SUBMITTED BY: Judy E. Stainback
Mary Ann Randolph Custis Lee (Mrs. Robert E. Lee) and her daughters, Mildred, Agnes, and Anne Carter, were guests at the White Sulphur Springs in Warren County, North Carolina in the late summer of 1862.
In October of 1862, Anne “Annie” Carter Lee became ill with what was diagnosed as typhoid fever.
Annie grew steadily weaker and one day asked her attendants to sing one of her favorite hymns. They sang “Perfect and True are All His Ways, Whom Heaven Adores and Earth Obeys.” Dr. Robert A. Patterson, with all his medical skills, was unable to save her, and Anne died on October 20, 1862. The proprietor of the resort, Mr. William Duke Jones was a cousin of Mrs. Lee. He offered her a burial place in his family burying grounds. There, Annie Carter Lee was laid to rest.

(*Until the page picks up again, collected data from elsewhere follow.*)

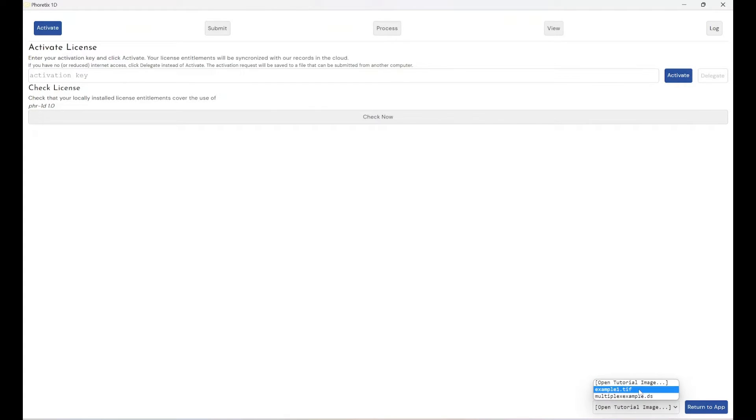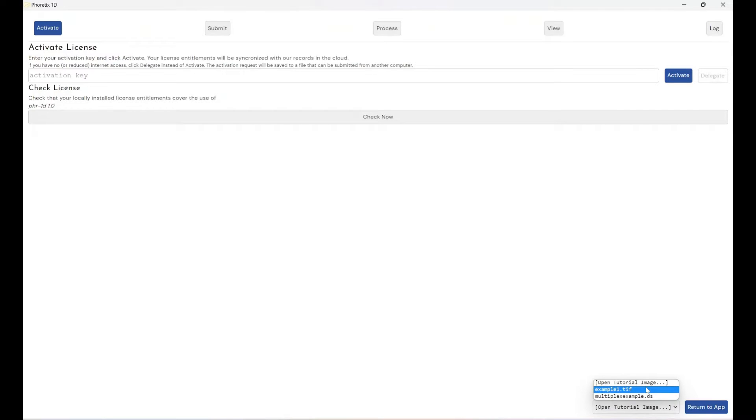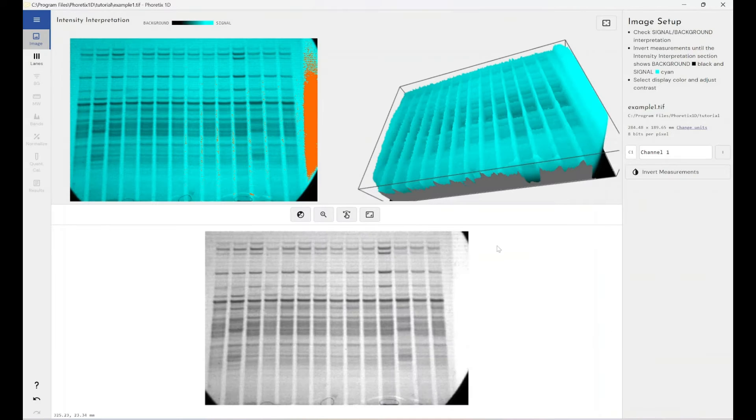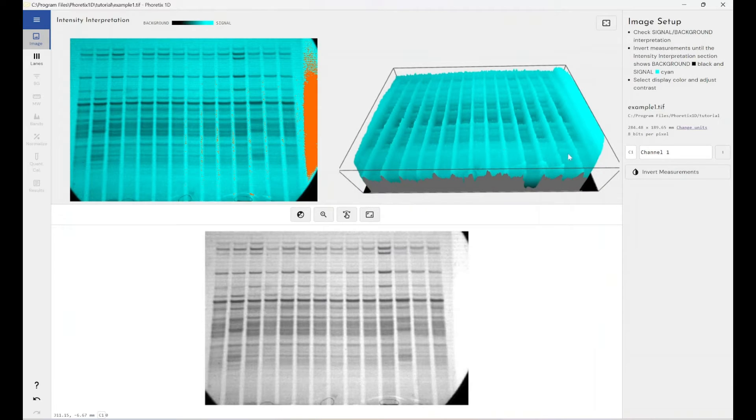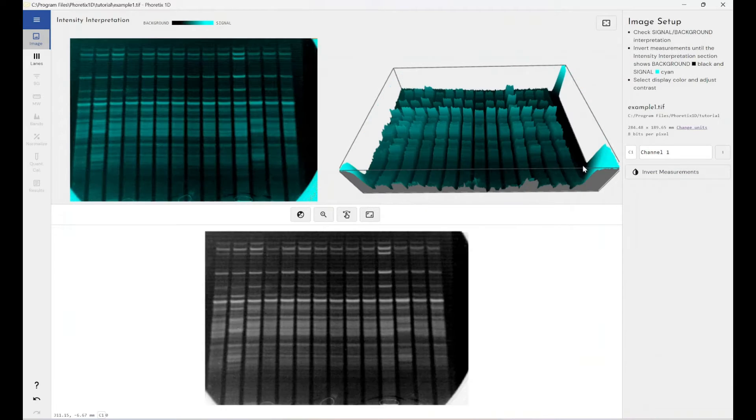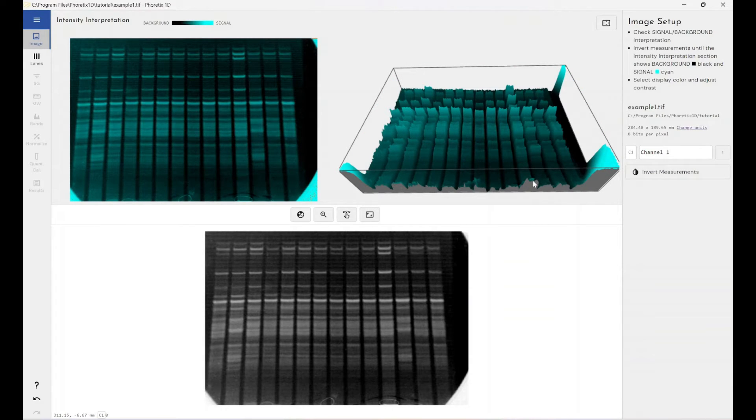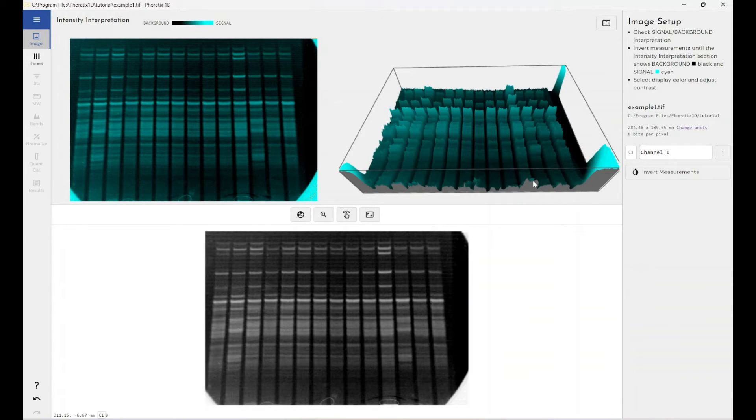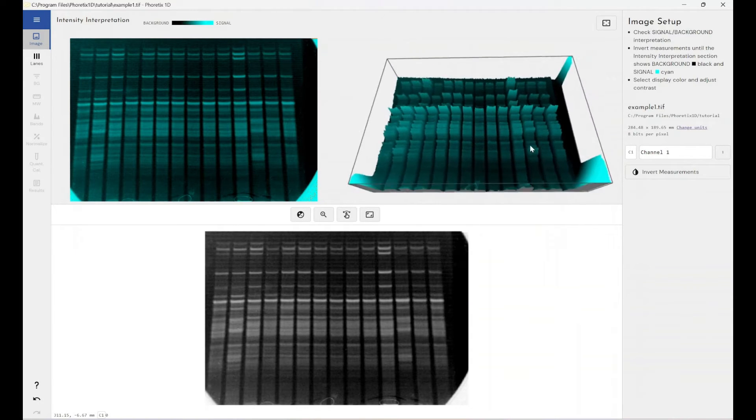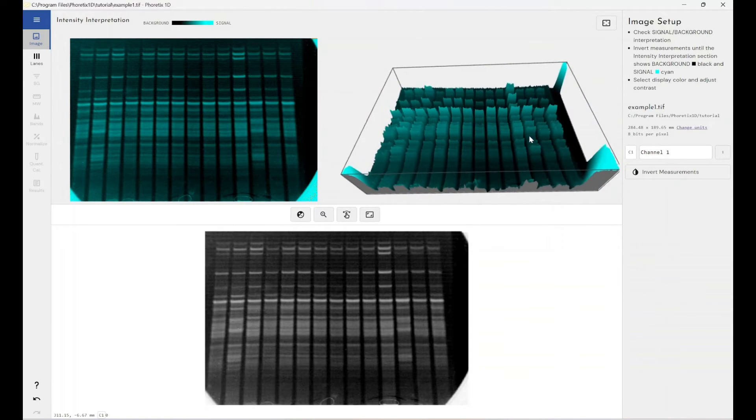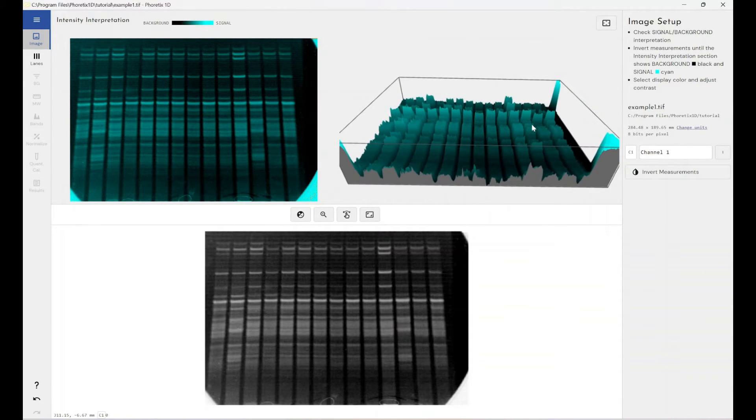Now we've got a single channel and a multiplex tutorial image that you can open within the software without having to have an active software license. So if I click on one of these, you can see that it opens up within the software and I can run through an example of what an analysis would look like. This is fantastic for training new users or for educational purposes, academic purposes within the structure of a lecture or within a practical experiment showing students how they would analyze their own images if they were to have a copy of Phoretics 1D.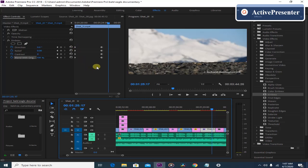For the activity today, I want you to look for the effects that are appropriate for your video. That's all for today.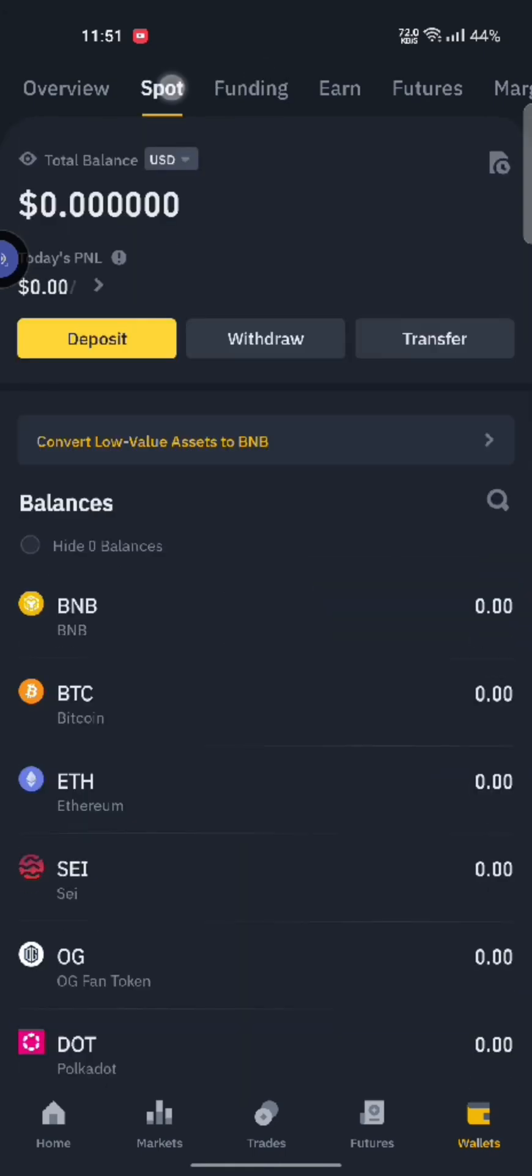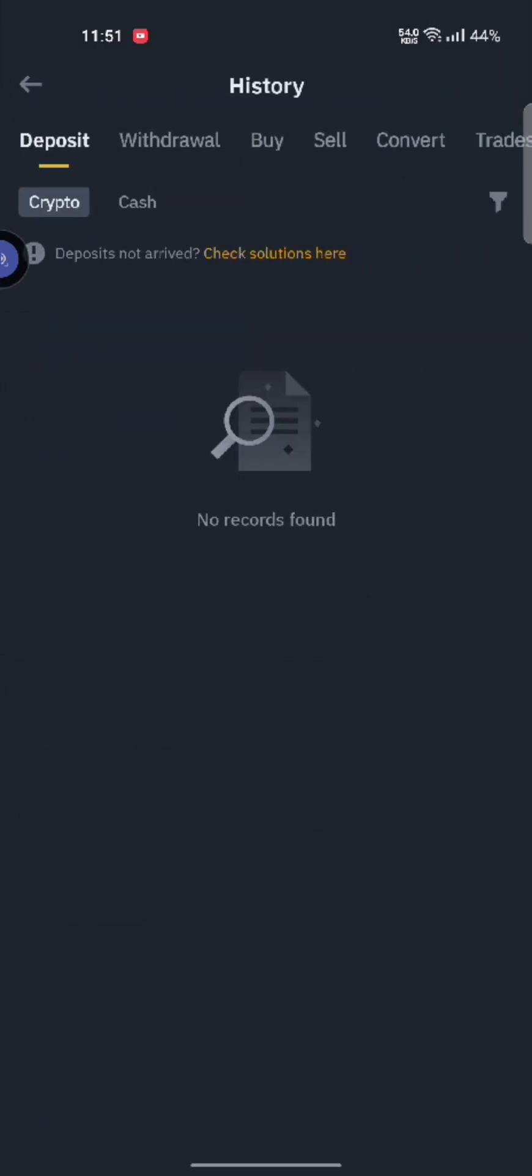Tap on the little sign just above the transfer option. Here, you can see the transaction histories of Binance.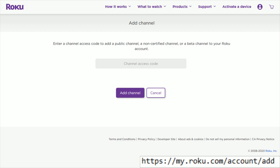What you want to do is head on over to my.roku.com/account/add — I'll put a link to this webpage right at the top of the video description. Once you're on this webpage, log in to your Roku account.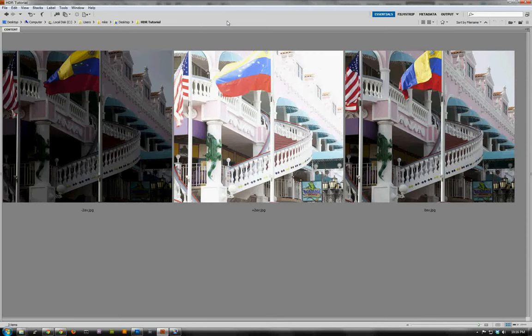Hi everybody, Mike Wysak here. I want to do a tutorial today that talks about HDR software, but using it in a way you probably haven't used it before. If you take a look at the three images on the screen, you'll notice they look like typical bracketed images ready for HDR processing. However, there's a problem: the flag in the center of the top of each image has been blown around by the wind. That's going to make generating an HDR image very difficult and give us a hard time dealing with ghosting artifacts.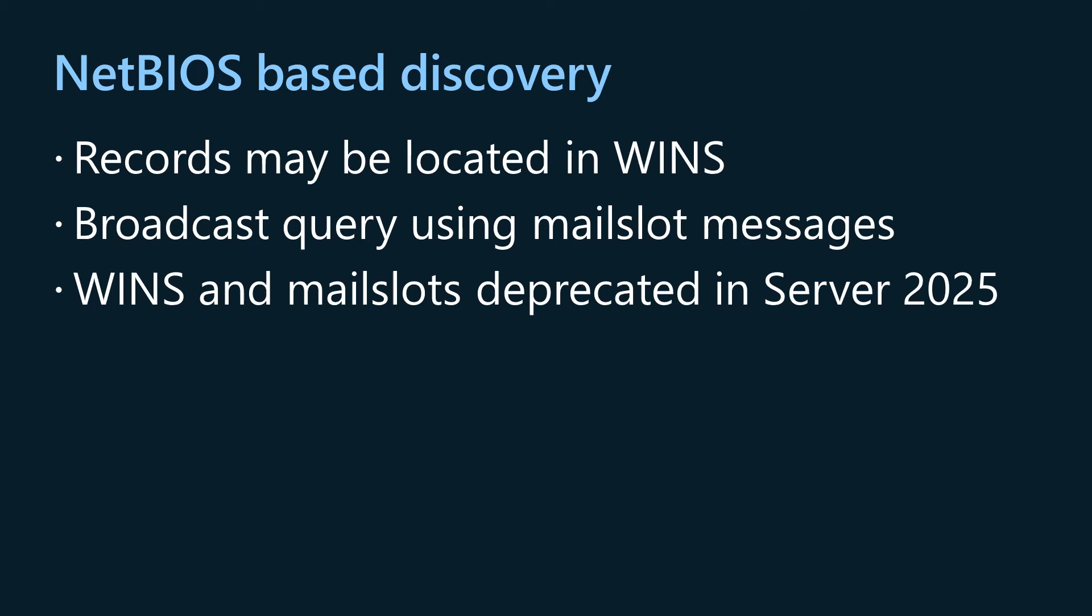Where things get complicated is that with Windows Server 2025, mailslots and WINS are being deprecated. Though having said that, the death of WINS has long been foretold in the prophecies but has yet to occur.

Through the initiative of Mr. Joseph Speed Jones, a monument was carved from native granite by disabled Confederate soldier Zerald Crowder and unveiled in 1866. The ceremony was attended by Annie’s family, including her two brothers, General George Washington Custis Lee and Major General William Henry Fitzhugh Lee.
In 1870, General Robert E. Lee and his daughter Agnes visited the grave and as he was turning away, General Lee stated that he did not wish for her remains to be disturbed.
(Source: Warren County Heritage North Carolina, Vol. 1., published by Warren County Heritage Book Committee, 2002)
However, in September 1994, Annie Carter Lee’s remains were moved to the family crypt located at Lee Chapel at Washington and Lee University, Lexington, Virginia. Her monument remains in the William Jones Cemetery in Warren County, NC. (Source: Warren County, NC Cemeteries, Vol. 1, Warren County Heritage Committee).